Today while spending time in a coffee shop where I used to spend entire days, I ran into a girl I’ve known since high school. I was jealous of her then, and to be honest, some of that jealous flared up again when I saw her this afternoon. It would seem I will often struggle with the same sins even years after they have begun.
But that girl is wonderful, and I’ve learned that in time. She works at the coffee shop so we didn’t talk long but she asked if I’d seen E lately. “He was my favourite person to work with!” she exclaimed and announced her disappointment that upon returning from six or seven months out of the country he had quit and moved to a different job. I smiled a little, the crooked smile that has hesitancy amid the cheer. “Oh, yeah, I’ve seen him, we’re dating.”
“I knew it!” she practically shouted and sat down a chair just a little too hard in her excitement.
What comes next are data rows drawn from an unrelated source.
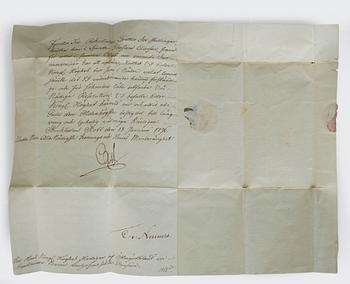 HERTIG KARL AV SVERIGE (1748-1818), brev, undertecknat och daterat Stockholms Slott 18 januari 1796.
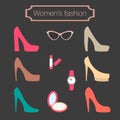 Women's fashion collection of high-heeled shoes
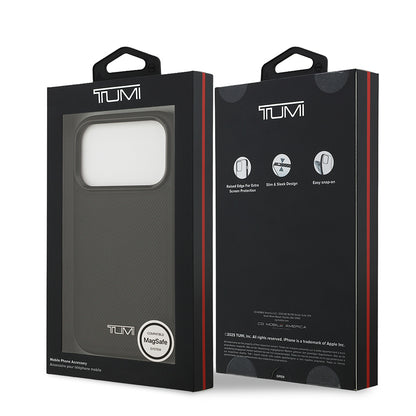 Apple iPhone 17 Pro Kılıf TUMI M-safe Şarj Özellikli Deri Noktalı Dizayn Kapak Siyah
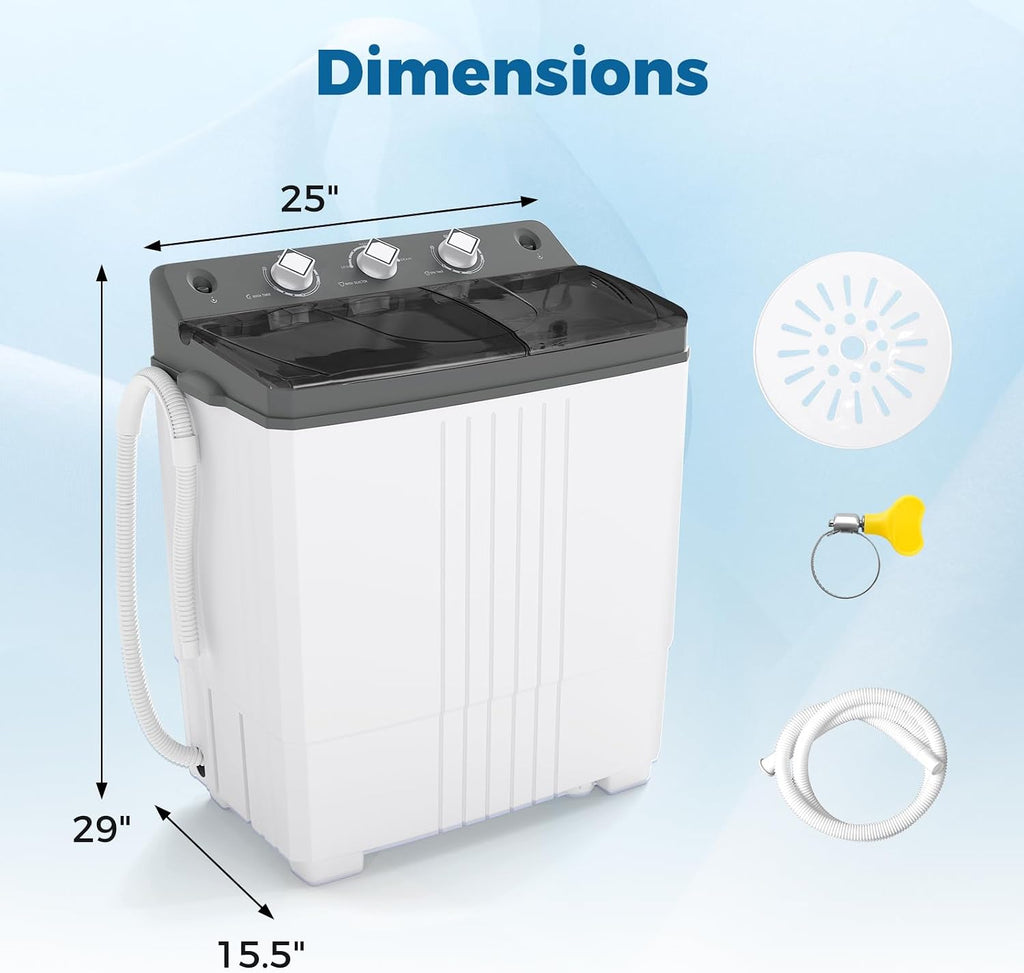 COSTWAY Portable Washing Machine, Twin Tub 20 Lbs Capacity with Drain Pump, Laundry Washer 12 Lbs and Spinner 8 Lbs with Timer Control, Perfect for Apartment Dorm RV, Grey+White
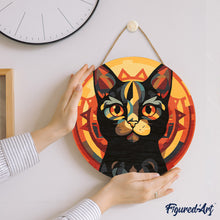 Load image into Gallery viewer, Paint by numbers on Wood Slice - Art Deco Black Cat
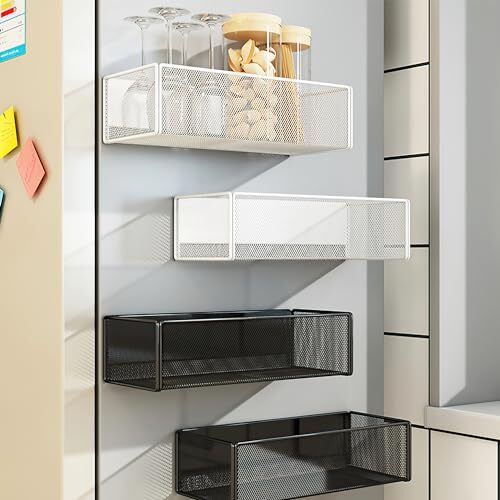 Magnetic Basket Organizer Holder for Fridge Magnetic Storage Bin Large, Black - Picture 6 of 7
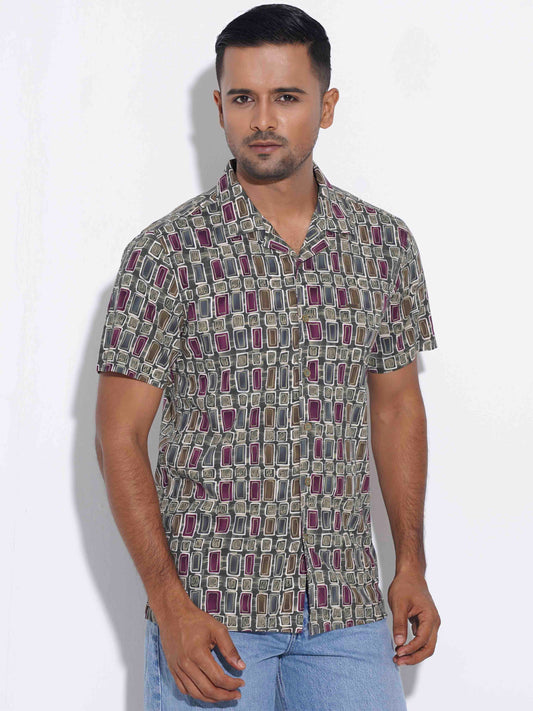 Avocado Olive maroon Printed premium havana shirt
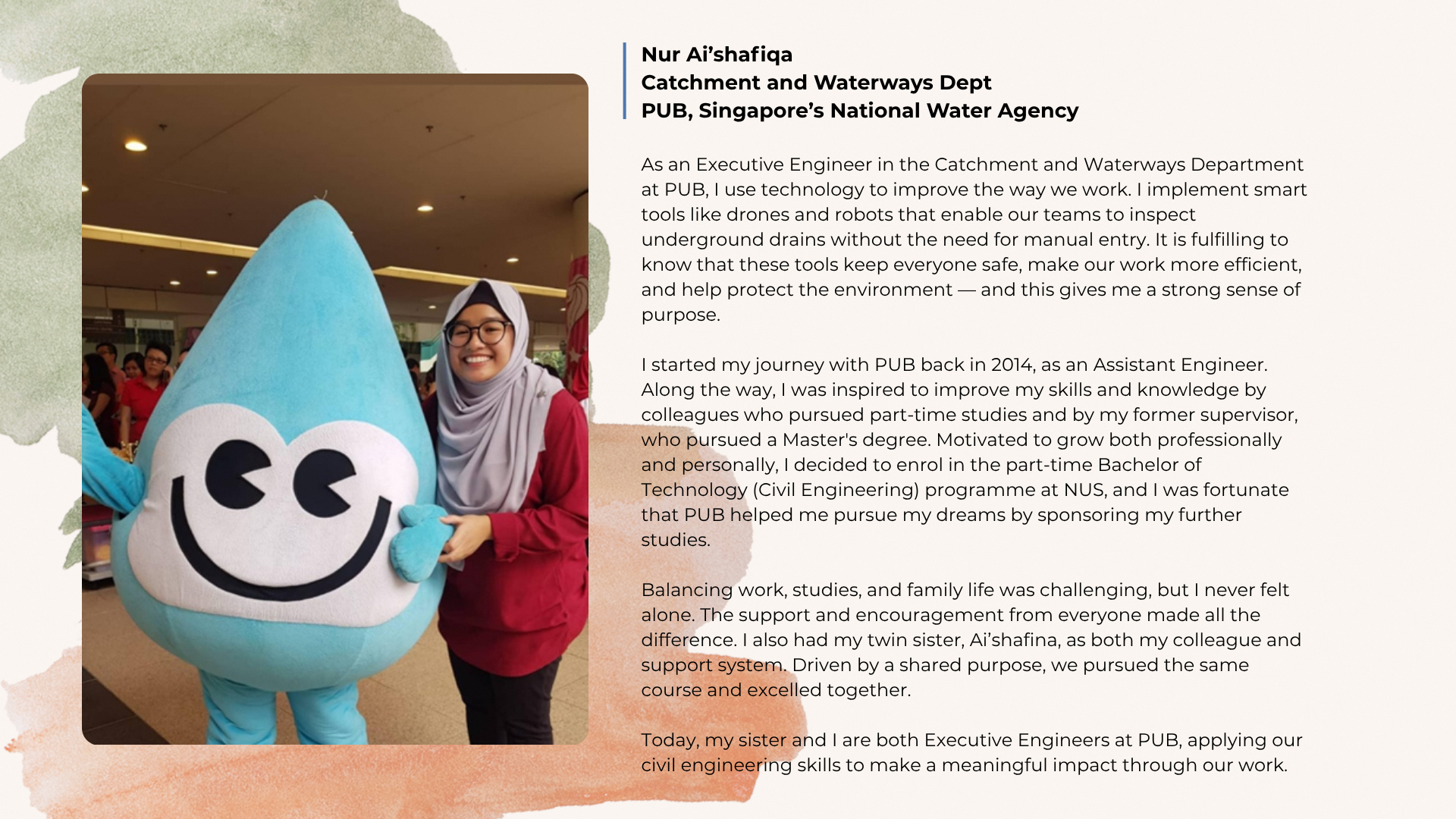 Nur Ai'shafiqa from PUB's Catchment and Waterways Dept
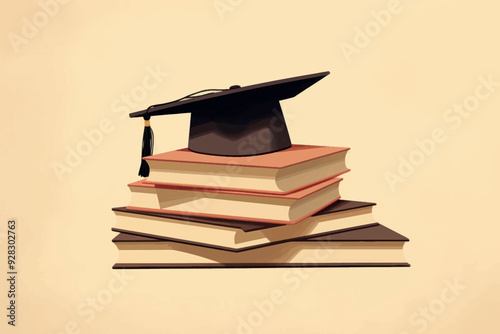 Graduation books stack illustration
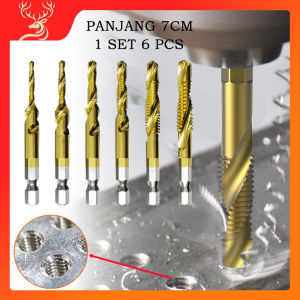 Mata Bor Set Komplit 6 pcs Mata Bor Pembuat Ulir M3-M10 Set Hex Twist Spiral Tapper 7cm Mata Bor Multifungsi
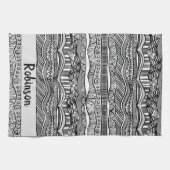 Linge De Cuisine Impression trionale noir et blanc Boho (Horizontal)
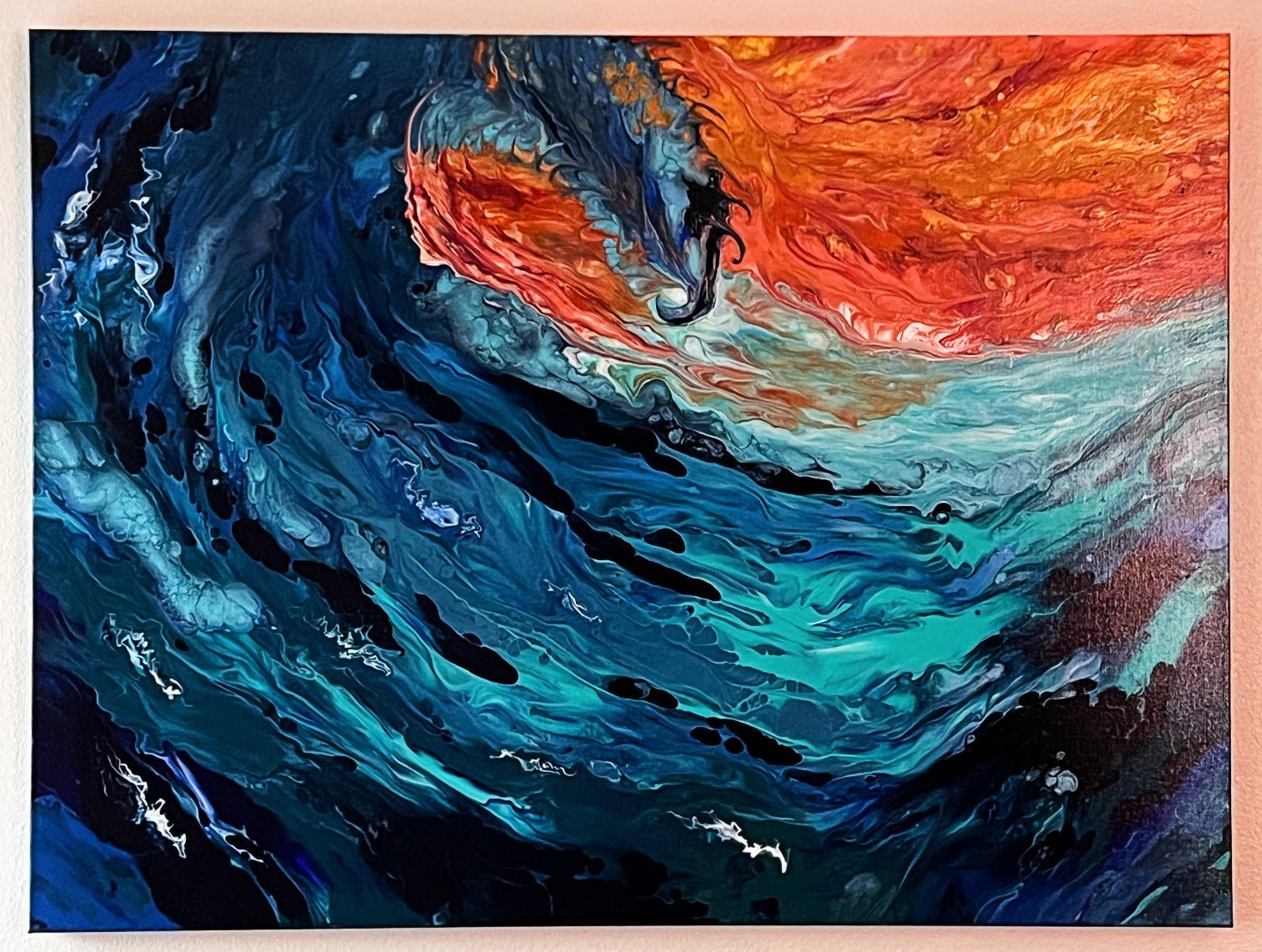 Ocean Wave at Sunset - 30x48 Handpainted - Birdsong Lane Art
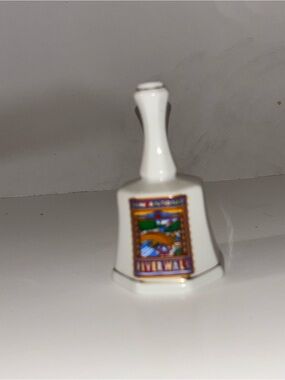 White Ceramic Collectible Bell with Colorful Scenic Emblem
“Yeah, that’s what most people say–”
“I always used to ask him–”
“Or people are like, ‘took you long enough!'” And we laughed because it did take a long time for us to move from friends, to best friends, to dating and who knows where that will turn. But then she said something I hadn’t considered.
“Sometimes, it’s better that way. Taking a long time.”
So often we (or I) have looked at the long friendship between myself and E as a period of waiting and turmoil on my part. It’s as though it is my fault. E would never say that. He was patient and didn’t mind the time, though I think there were periods of exasperation when I lamented singleness and he stood by, waiting, hoping, trying to snap off the blinders that I wore. But as my friend pointed out this afternoon, it isn’t a question of “fault” as though I had “problems” that I needed to overcome before we could date. Some of that is true, but that is not the truth.
The truth is, we waited because both of us felt that God wanted us to. I didn’t know my heart for a long while. He knew his but he knew it wasn’t the right timing–even if I had known my true feelings sooner. We took out time, we were friends and we prayed about what God was doing. When it came time for us to move forward, it was pretty clear.
I don’t know why it took so long, and I don’t think I need to. God has his reasons, some we will discover and others will always be a mystery. What matters is that we are moving, carefully, confidently and always prayerfully. God will reveal himself and his plans in his time–we just get to enjoy the ride.